統一教会の信仰は、真の愛の実現のために神の国(理想社会)をつくろうとするものでした。そして私は、そんな統一教会の神を捨てて、自由に生きることを選びました。
 
これに対し、ヘーゲル哲学は、個人の自由の実現のために神の国(理想社会)をつくろうというものでした。つまりヘーゲルによれば、人間は自由に生きることによって理想社会をつくることができると言うのです。
 
しかし、人間とは感情の生き物であるがゆえに、個人の自由は他者の自由とぶつかり合います。また、その個人は、自由に生きることを求めながらも他者からの承認欲求も求めるようになります。
 
ヘーゲルは、個人の自由が他者から承認を受けるためには、普遍的な価値観が必要であるといいました。さらにヘーゲルは、個人の自由を保障する普遍的な国家や世界の在り方を考えた哲学者でした。
 
つまりヘーゲルは、個人が自由を求める理想は、社会の現実と衝突するが、その2つは矛盾せずに発展的に解消できるのだといいました(ヘーゲル弁証法)。そうやって、人類の歴史は自由の実現のために流れてきており、その行き着く先は、国家や法により自由が実現されるといったのでした。
 
 
・・・
 
 
ヘーゲル哲学は難解で実は私もあまり深く理解することができませんが、それでも、ヘーゲルが語ったとされる哲学的なさまざまな言葉は、私の人生観・世界観を完全に変えてくれました。
 
それは、個人の自由という価値をとことん肯定する哲学でした。

統一教会を棄教して不安定だった私自身に対して、個人としての意思、感情、良心を存分に追求しても良いのだということを、ヘーゲルは教えてくれたのです。
 
そうした理想を求める過程で、もしかしたら、さまざまな現実の壁にぶつかるかもしれないが、その理想と現実は発展的に解消できるのだということを、哲学というカタチで確信を持って私に教えてくれました。

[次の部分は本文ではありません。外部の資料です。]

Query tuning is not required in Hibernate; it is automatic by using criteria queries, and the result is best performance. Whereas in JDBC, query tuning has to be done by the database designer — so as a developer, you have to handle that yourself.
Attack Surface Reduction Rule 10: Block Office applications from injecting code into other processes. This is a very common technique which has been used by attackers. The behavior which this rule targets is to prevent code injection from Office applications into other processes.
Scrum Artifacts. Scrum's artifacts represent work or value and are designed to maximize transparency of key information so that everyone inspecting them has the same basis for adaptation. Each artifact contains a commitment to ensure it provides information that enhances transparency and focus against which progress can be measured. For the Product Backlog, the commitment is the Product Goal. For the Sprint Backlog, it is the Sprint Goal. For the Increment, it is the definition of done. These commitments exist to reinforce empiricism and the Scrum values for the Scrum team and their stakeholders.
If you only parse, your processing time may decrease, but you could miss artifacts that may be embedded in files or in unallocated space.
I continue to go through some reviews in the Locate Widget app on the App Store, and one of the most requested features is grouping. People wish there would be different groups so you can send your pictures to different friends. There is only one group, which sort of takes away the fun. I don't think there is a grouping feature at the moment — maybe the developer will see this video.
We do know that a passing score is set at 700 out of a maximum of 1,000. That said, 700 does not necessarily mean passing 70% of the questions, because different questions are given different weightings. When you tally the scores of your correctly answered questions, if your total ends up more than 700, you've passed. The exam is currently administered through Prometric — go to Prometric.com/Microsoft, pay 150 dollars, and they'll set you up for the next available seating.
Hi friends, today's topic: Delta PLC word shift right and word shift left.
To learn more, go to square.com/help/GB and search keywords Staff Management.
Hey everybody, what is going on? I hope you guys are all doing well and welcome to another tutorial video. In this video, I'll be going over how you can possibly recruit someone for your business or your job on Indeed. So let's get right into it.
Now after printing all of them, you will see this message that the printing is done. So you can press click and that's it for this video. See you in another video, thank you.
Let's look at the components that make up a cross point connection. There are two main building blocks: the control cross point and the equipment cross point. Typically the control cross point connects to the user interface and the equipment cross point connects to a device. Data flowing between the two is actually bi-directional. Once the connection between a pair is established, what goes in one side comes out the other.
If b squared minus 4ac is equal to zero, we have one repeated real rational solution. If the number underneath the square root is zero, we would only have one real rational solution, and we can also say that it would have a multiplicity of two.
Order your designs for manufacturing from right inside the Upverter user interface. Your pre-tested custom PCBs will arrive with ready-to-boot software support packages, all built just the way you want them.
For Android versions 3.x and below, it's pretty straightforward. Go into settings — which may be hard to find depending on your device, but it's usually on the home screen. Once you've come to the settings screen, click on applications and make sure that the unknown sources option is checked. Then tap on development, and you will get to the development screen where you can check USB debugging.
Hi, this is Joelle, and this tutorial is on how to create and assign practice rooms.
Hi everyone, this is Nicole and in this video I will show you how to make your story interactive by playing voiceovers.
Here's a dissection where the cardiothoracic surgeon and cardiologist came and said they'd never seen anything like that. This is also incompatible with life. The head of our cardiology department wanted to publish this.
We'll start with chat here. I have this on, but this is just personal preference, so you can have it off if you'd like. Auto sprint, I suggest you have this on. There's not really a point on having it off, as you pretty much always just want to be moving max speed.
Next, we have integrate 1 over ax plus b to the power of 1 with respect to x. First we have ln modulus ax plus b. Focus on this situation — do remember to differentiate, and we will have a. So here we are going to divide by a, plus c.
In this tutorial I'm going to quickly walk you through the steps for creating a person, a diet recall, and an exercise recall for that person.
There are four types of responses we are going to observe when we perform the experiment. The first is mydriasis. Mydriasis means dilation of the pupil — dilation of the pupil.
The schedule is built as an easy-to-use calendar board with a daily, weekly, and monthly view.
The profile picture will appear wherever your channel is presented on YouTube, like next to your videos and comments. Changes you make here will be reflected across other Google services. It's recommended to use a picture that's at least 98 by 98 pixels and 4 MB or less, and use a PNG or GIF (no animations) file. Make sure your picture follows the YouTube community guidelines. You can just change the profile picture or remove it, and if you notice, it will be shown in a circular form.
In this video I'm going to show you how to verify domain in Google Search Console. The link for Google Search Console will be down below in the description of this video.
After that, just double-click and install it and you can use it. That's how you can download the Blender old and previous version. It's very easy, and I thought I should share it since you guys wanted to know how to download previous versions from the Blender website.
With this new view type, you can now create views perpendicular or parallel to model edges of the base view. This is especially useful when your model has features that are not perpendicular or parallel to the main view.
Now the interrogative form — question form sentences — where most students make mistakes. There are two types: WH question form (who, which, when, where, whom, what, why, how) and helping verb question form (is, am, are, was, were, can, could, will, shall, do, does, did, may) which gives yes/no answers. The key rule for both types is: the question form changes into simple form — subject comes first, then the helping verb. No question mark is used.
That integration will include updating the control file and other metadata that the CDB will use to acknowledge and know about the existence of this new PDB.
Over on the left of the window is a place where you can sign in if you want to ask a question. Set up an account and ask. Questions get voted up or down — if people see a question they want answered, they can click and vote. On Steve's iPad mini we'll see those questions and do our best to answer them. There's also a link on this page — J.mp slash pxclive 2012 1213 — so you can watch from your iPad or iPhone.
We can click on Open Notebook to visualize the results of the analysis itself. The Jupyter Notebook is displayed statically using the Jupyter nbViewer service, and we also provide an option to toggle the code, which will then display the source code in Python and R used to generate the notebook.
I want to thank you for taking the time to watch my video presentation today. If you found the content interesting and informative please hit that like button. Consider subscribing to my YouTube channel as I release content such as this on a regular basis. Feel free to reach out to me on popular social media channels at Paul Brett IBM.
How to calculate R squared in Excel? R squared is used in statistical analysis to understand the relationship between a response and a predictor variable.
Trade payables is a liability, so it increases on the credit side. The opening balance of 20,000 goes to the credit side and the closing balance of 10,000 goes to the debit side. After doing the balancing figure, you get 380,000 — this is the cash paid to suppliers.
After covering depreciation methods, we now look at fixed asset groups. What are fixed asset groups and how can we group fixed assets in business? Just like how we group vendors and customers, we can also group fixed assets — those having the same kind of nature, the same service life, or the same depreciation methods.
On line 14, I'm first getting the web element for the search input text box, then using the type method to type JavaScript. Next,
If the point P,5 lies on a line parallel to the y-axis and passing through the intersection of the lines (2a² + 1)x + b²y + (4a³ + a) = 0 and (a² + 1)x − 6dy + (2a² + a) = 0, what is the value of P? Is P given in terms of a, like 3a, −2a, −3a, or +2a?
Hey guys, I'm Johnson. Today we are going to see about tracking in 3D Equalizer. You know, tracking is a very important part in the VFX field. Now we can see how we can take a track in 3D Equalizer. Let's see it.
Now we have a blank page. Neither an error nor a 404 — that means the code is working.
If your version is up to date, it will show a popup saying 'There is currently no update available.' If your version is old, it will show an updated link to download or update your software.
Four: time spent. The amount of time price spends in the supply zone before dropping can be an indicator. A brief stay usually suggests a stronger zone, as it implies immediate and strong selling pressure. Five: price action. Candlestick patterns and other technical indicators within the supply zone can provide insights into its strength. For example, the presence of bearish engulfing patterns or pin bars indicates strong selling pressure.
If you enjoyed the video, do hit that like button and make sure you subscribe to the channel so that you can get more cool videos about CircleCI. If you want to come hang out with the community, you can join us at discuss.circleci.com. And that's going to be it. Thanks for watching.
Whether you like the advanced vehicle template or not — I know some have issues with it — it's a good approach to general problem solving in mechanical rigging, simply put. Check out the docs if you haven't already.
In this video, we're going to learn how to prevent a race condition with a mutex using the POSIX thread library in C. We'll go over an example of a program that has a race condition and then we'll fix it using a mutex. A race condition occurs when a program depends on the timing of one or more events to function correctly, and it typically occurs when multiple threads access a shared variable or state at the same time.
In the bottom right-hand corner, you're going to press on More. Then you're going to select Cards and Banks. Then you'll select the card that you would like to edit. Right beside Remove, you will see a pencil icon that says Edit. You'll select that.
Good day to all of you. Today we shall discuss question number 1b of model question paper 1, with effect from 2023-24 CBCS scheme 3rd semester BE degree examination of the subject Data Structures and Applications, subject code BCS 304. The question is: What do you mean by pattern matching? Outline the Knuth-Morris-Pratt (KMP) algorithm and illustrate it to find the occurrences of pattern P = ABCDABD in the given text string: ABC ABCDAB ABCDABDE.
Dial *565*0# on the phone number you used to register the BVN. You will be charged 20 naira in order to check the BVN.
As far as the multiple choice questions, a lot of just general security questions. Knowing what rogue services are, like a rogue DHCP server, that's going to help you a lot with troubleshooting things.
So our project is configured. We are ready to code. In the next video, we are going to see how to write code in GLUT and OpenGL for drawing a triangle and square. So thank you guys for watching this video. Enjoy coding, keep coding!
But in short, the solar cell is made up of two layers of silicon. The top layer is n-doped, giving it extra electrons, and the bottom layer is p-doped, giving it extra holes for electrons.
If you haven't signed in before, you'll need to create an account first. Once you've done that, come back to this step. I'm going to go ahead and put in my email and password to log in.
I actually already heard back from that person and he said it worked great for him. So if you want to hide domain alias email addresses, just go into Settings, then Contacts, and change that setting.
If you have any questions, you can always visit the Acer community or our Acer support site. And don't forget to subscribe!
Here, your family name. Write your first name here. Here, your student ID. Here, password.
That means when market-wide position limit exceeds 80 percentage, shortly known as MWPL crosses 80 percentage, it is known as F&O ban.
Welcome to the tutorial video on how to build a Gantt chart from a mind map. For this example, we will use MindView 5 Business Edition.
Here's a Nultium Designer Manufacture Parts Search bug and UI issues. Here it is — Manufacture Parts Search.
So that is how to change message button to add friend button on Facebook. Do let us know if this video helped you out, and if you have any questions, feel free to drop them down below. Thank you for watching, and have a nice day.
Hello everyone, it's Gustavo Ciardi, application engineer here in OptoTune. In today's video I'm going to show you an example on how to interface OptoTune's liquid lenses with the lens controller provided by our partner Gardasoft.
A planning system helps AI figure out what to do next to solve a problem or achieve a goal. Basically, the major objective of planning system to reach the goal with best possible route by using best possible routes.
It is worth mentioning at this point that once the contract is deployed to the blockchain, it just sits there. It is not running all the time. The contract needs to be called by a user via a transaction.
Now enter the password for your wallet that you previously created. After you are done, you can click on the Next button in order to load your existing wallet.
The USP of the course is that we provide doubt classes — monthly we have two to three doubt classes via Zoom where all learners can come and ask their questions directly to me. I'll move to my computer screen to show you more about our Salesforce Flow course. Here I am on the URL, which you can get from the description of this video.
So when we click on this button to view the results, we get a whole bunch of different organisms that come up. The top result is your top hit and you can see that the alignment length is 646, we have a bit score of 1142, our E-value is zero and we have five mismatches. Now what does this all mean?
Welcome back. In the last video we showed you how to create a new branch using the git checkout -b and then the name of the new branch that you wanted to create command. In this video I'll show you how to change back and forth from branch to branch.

ヘーゲルは、個人の自由を求めた近代という時代に生きました。その時代を経て、現代という時代も、そして日本の社会も存在しています。

そして、私は現代の日本社会に生きています。ヘーゲル哲学は私に個人の自由の意味を教えてくれ、自由と人権を保障する現代社会で生きて行く勇気と覚悟を与えてくれたのです。
 
 
本記事にて、『私の心に残った言葉』シリーズで最も書きたかった記事を書き終えました。難しい記事だったので、これでスッキリしました。

このシリーズは、あとは気まぐれで不定期の執筆になると思います。